Michael Fiore, M.D., M.P.H., Professor, Department of Medicine, Director, Center for Tobacco Research and Intervention, University of Wisconsin Medical School, Madison, Wisconsin
Chair, ICSH Cessation Subcommittee
Dr. Fiore began by informing the committee that he had met with Secretary Thompson the previous day and asked Dr. Fiore to thank committee members on his behalf for their time and commitment to the effort. Secretary Thompson sent his regrets that he could not join the meeting because of out-of -state travel.

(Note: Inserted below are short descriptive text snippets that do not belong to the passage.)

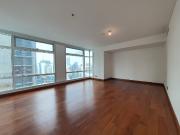 3BR Ultra Luxury Condo Unit at Two Roxas Triangle | 42/F
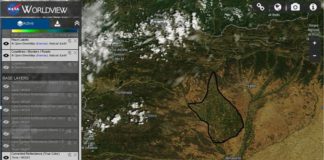 NO HACEN FALTA INFORMES PERICIALES, ¡EL SATÉLITE NO ENGAÑA!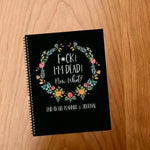 End Of Life Planner Emergency Loose-leaf Binder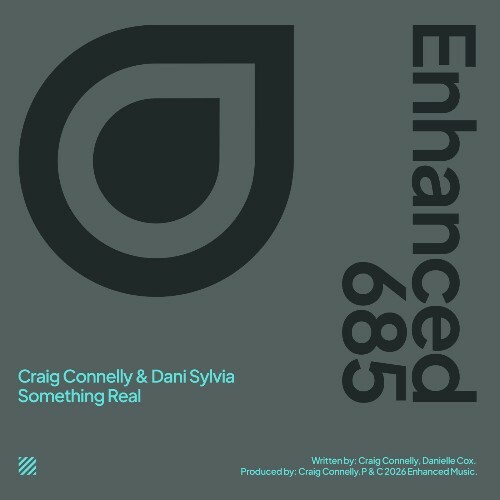Craig Connelly & Dani Sylvia — Something Real (2026)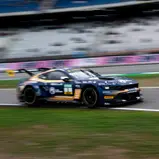 #1 Emil Gjerdrum / Fabian Dybionka / Ford Mustang GT3 / Haupt Racing Team, Hockenheimring 2026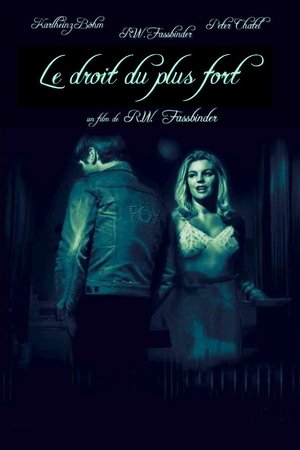 Le Droit du plus fort Le Droit du plus fort
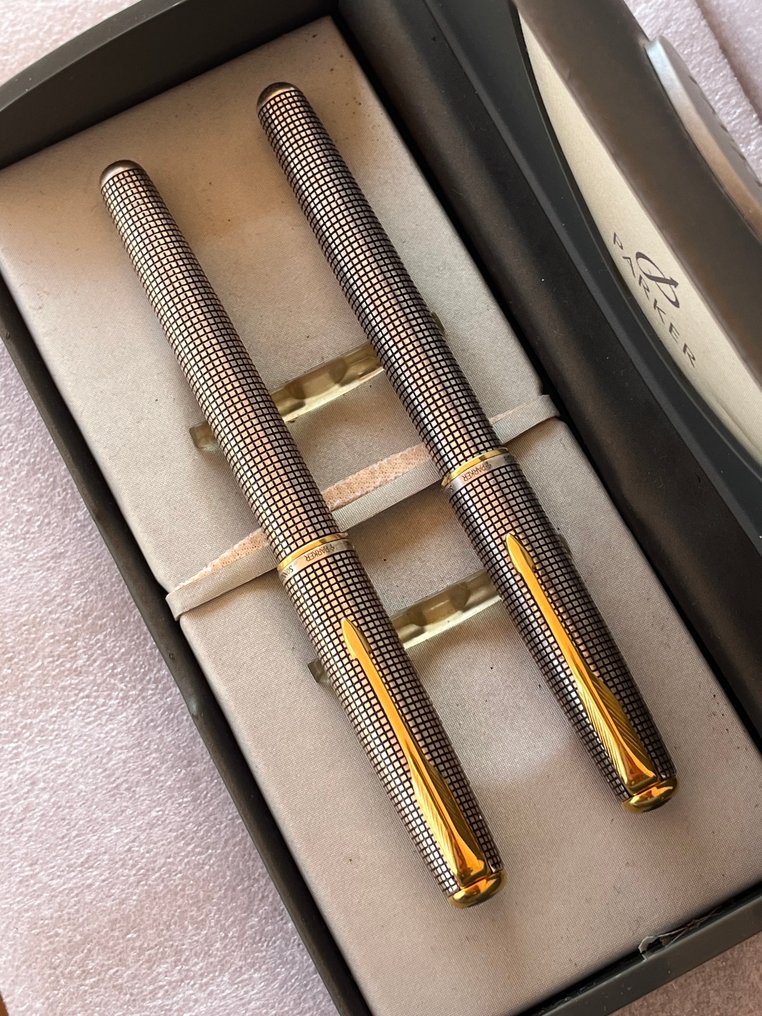 Parker - Sonnet Cisele - Penna #3.2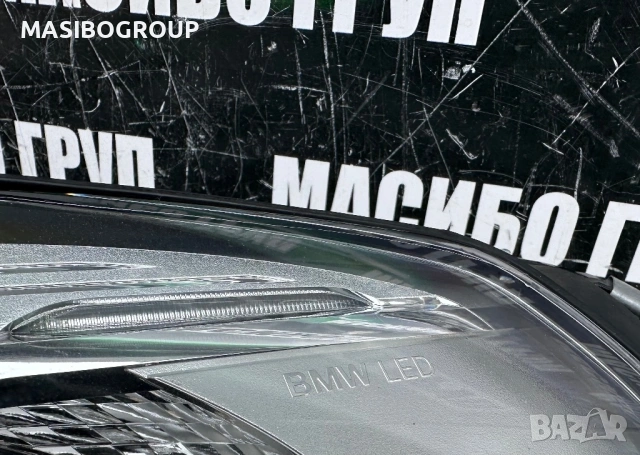 Фар ляв BMW LED фарове за Бмв Х3 Х4 Bmw X3 G01 Bmw X4 G02,USA, снимка 4 - Части - 53037184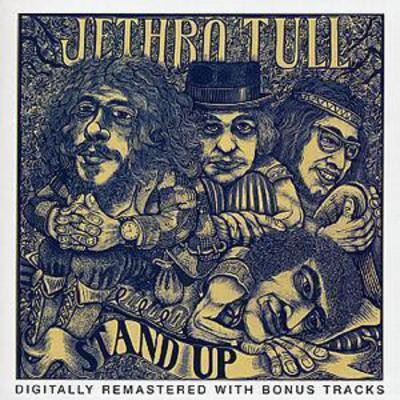 Jethro tull stand up - stand,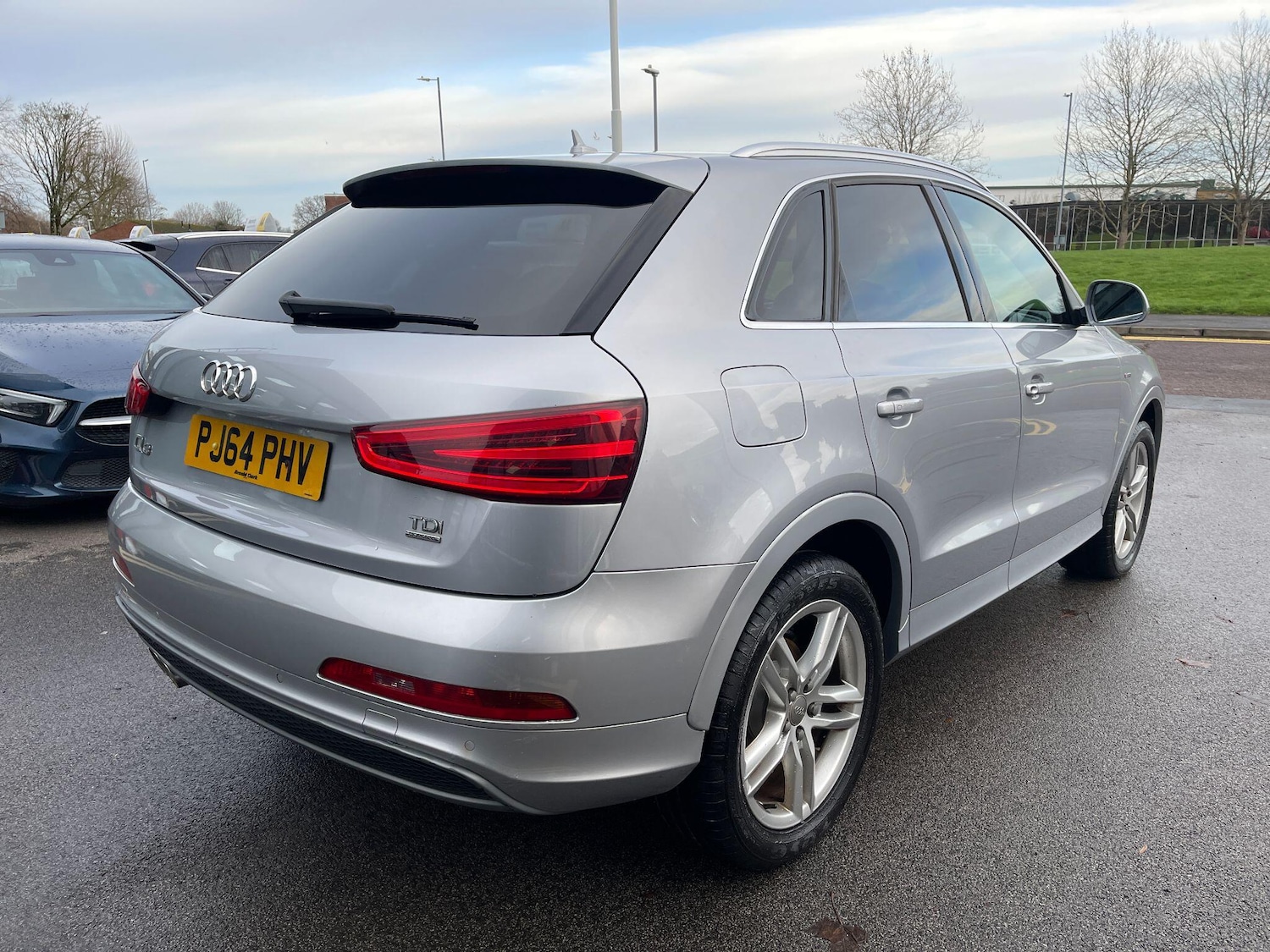 Used Audi Q3 2014 for sale - 77156158: Photo 6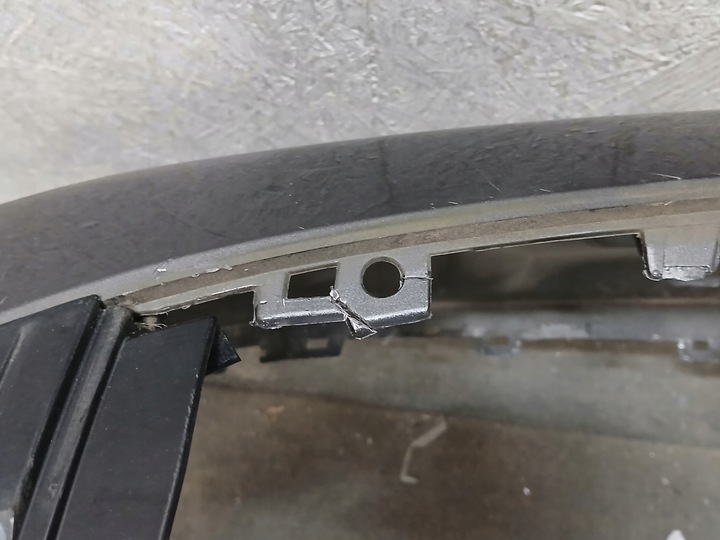 фото №8, Бампер перед citroen c5 aircross рестайлінг 21-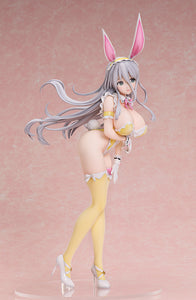 FREEing Shinobi Master Senran Kagura: New Link Gekko Bunny Ver 1/4 scale figure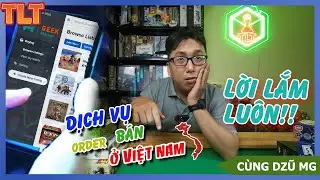 #TuiTalk Tập 5: Mua board game ở VN như thế nào?
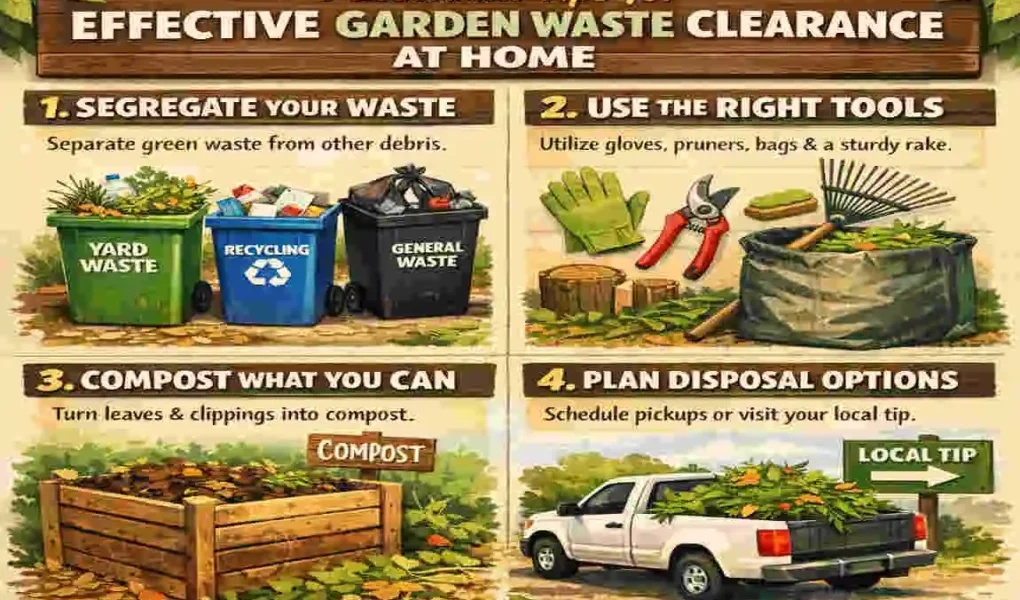 Garden Waste Clearance
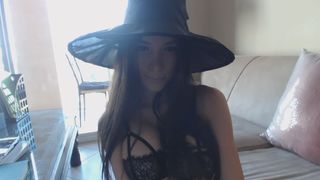 AdorableJessy - sexy witch in private premium video
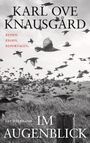 Karl Ove Knausgård: Im Augenblick, Buch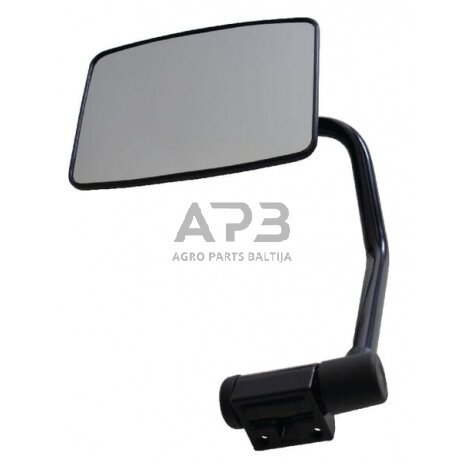 Veidrodėlis su laikikliu kairės pusės 235x180mm SMAT NORD CA6597001 Veidrodėlis su laikikliu kairės pusės 235x180mm SMAT NORD CA6597001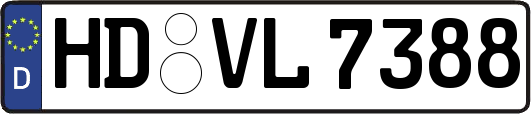 HD-VL7388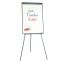 MasterVision® Basic Tripod Melamine Presentation Easel1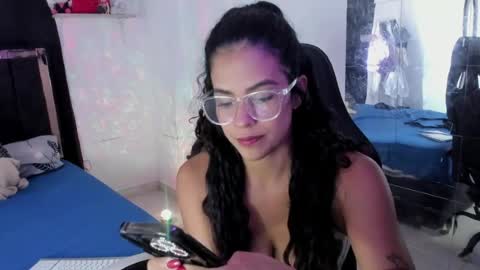 Snapshot of samykiss chatting on 11, 7, 2026 SamyHolbrook online show from 11, 7, 2026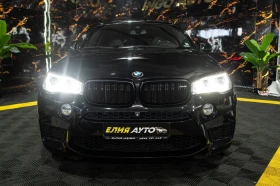 BMW X6 M LED CARBON H&K HUD ЛИЗИНГ 100%, снимка 3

The purpose of the day’s meeting was to finalize the recommendations and determine (a) whether the evidence base clearly supported each recommendation and (b) whether a strong enough case was being made in support of each recommendation.
Dr. Fiore reviewed the following features of the Action Plan:
Meaningful reductions in both tobacco use and the resultant burden of illness, premature death, and economic costs
Science-based
Address disparities
National in scope; regional in application
Public-private partnerships
Impact should be both immediate and sustained
Comprehensive and integrated
Securely funded
During the course of the day’s meeting, Dr. Fiore asked that each recommendation be discussed for approximately 20 minutes. Following these discussions, there would be an opportunity to identify possible new recommendations as well as an opportunity for the public to provide comments.
Following the meeting, staff would incorporate subcommittee comments, gather evidence supporting each of the recommendations, compile a complete bibliography, create an Executive Summary and present the final draft to the full Interagency Committee on Smoking and Health sometime during the first two weeks of February, 2003. Following this time frame, the report will be submitted to the Secretary by the end of February.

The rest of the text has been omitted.